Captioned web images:
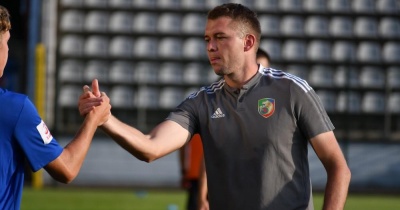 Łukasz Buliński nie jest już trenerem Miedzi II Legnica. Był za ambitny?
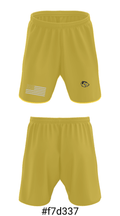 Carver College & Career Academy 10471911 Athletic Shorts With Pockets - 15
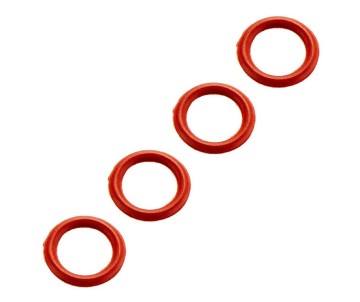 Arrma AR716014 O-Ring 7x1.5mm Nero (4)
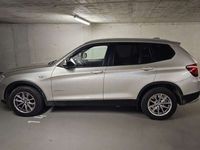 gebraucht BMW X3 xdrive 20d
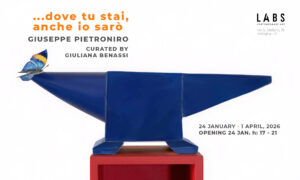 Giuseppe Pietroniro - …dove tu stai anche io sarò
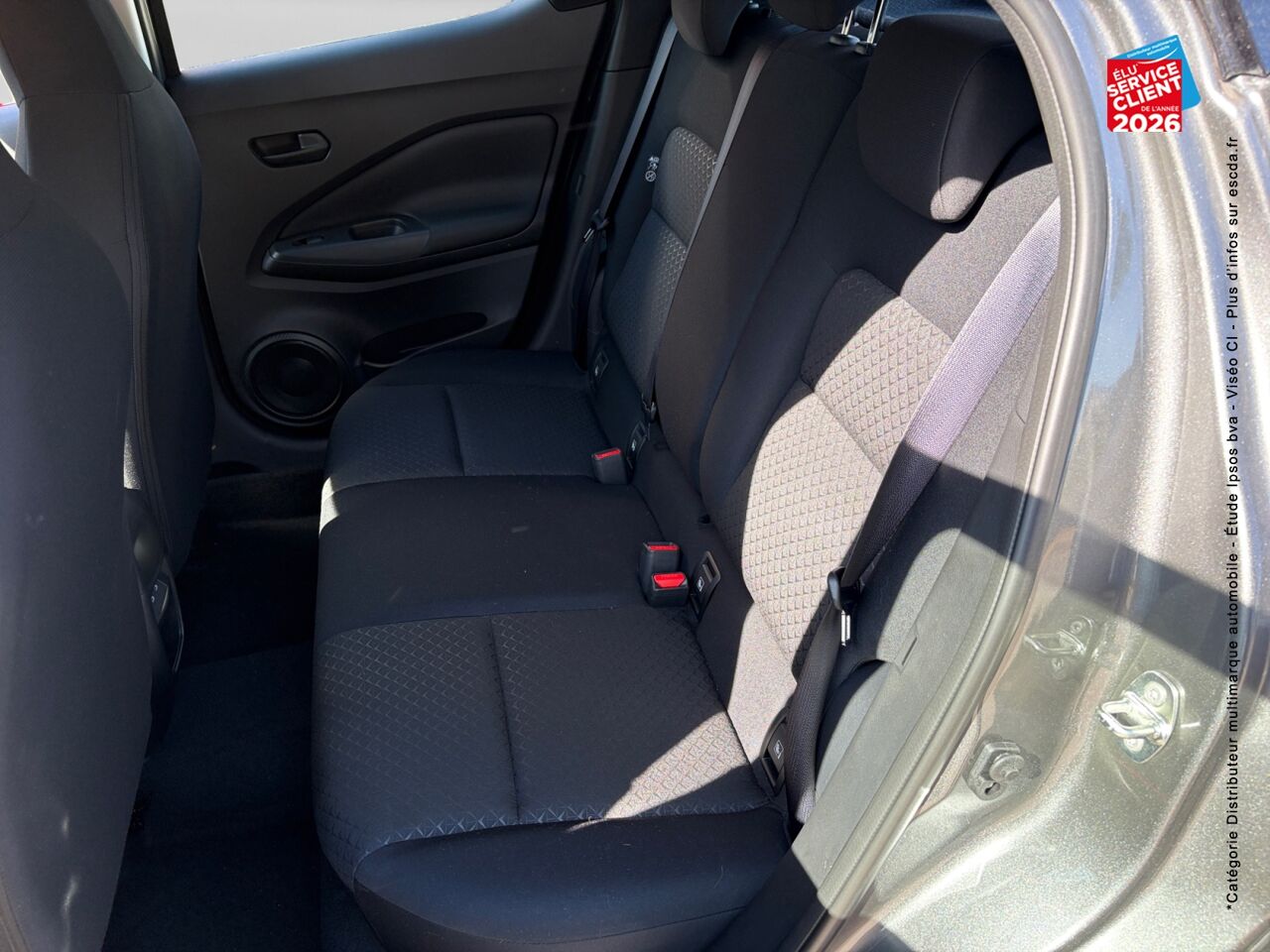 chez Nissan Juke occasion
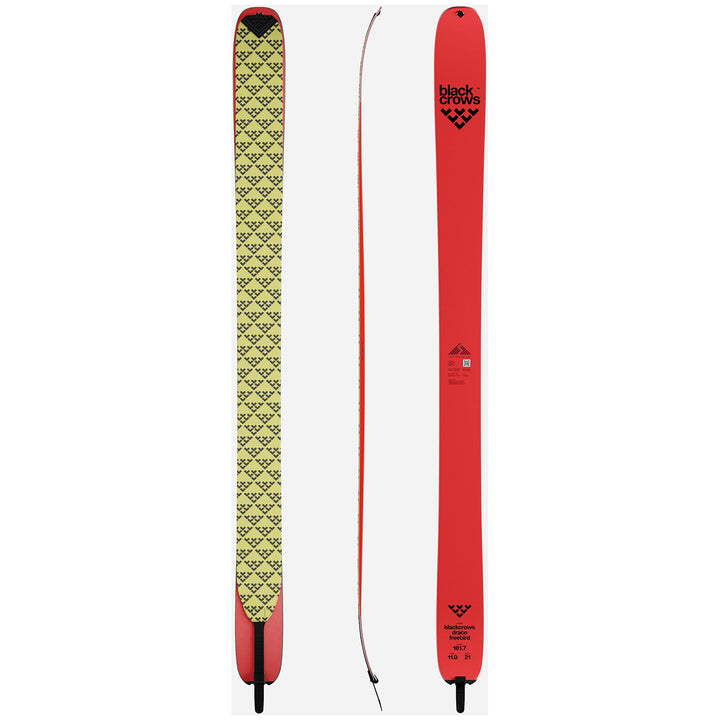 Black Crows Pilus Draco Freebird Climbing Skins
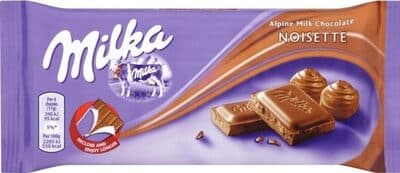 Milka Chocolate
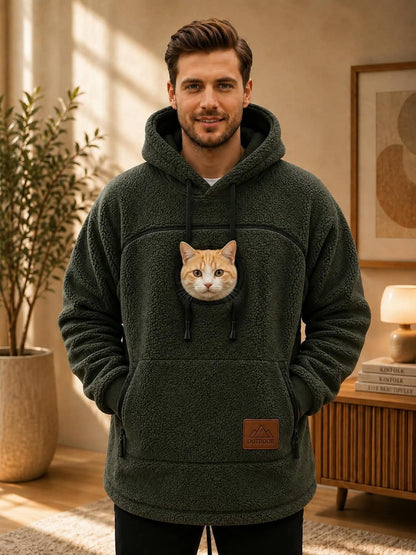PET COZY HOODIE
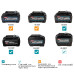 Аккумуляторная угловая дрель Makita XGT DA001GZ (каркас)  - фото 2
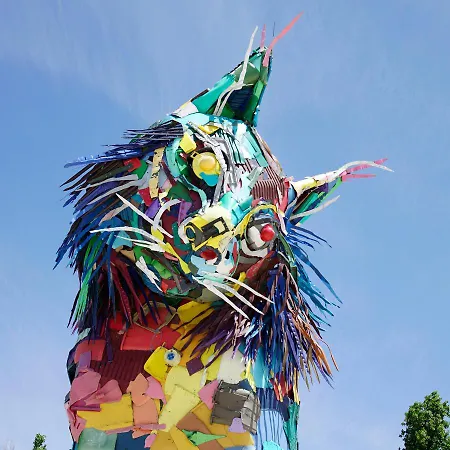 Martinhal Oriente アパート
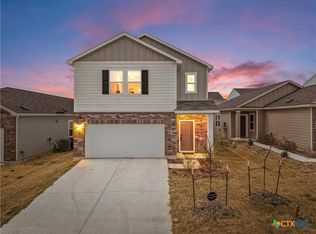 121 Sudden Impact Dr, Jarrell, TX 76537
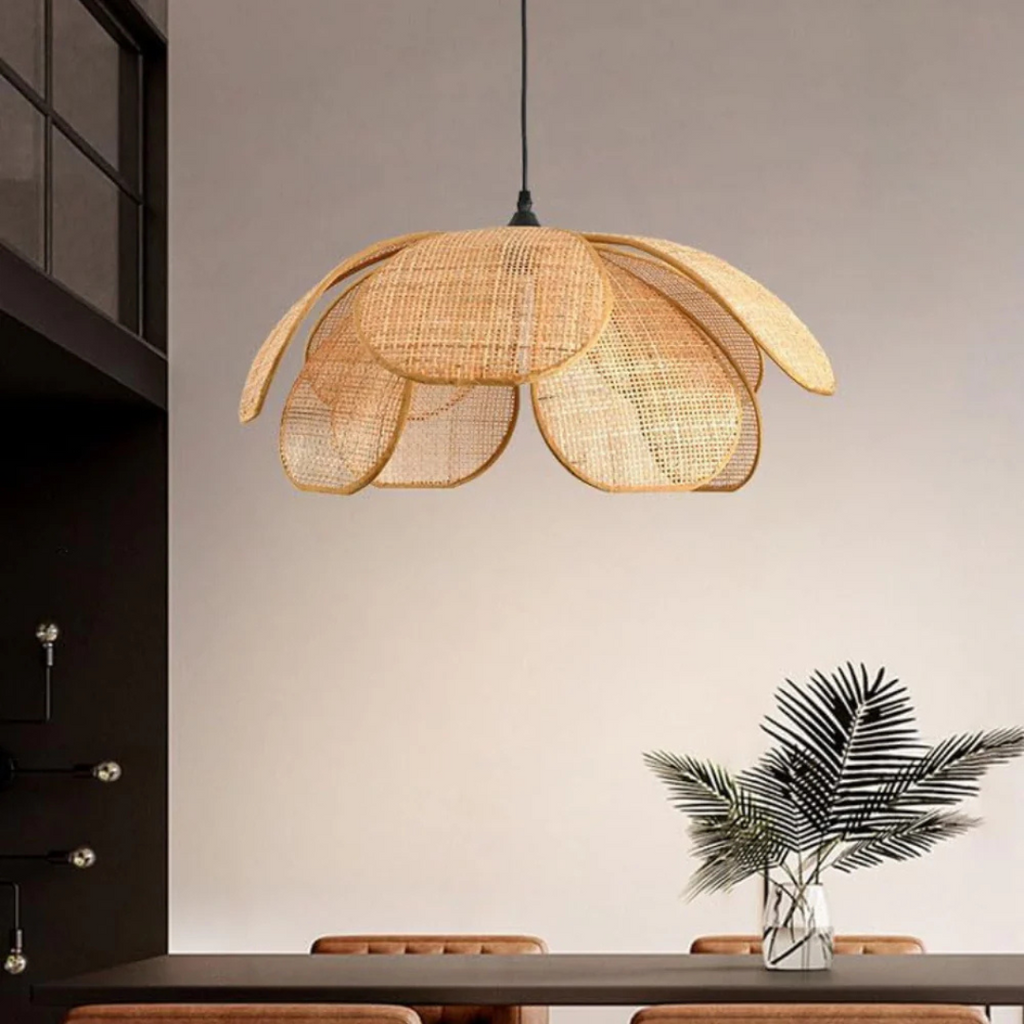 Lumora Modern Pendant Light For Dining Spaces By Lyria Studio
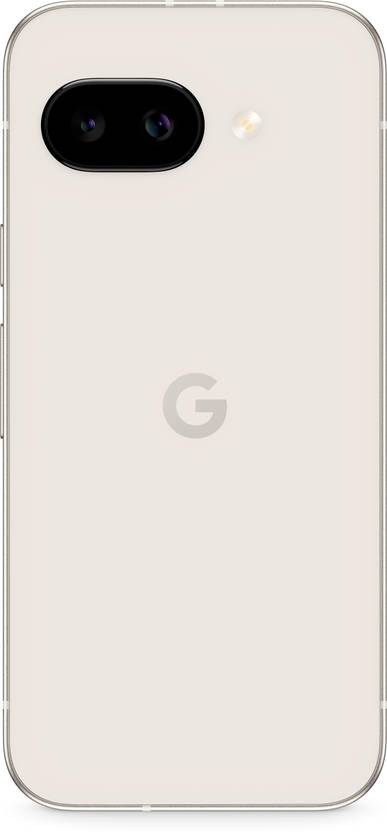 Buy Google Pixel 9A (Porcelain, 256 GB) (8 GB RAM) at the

WHAT NEEDS TO BE DONE: Should a record include a picture, drop the picture and write out the remainder exactly.

ANSWER TO THE EXERCISE:
 Łukasz Buliński nie jest już trenerem Miedzi II Legnica. Był za ambitny?
 Carver College & Career Academy 10471911 Athletic Shorts With Pockets - 15
 Arrma AR716014 O-Ring 7x1.5mm Nero (4)
 gebraucht BMW X3 xdrive 20d
 Giuseppe Pietroniro - …dove tu stai anche io sarò
 chez Nissan Juke occasion
 Black Crows Pilus Draco Freebird Climbing Skins
 Milka Chocolate
PET COZY HOODIE
 Аккумуляторная угловая дрель Makita XGT DA001GZ (каркас)  - фото 2
 Martinhal Oriente アパート
 121 Sudden Impact Dr, Jarrell, TX 76537
 Lumora Modern Pendant Light For Dining Spaces By Lyria Studio
 Buy Google Pixel 9A (Porcelain, 256 GB) (8 GB RAM) at the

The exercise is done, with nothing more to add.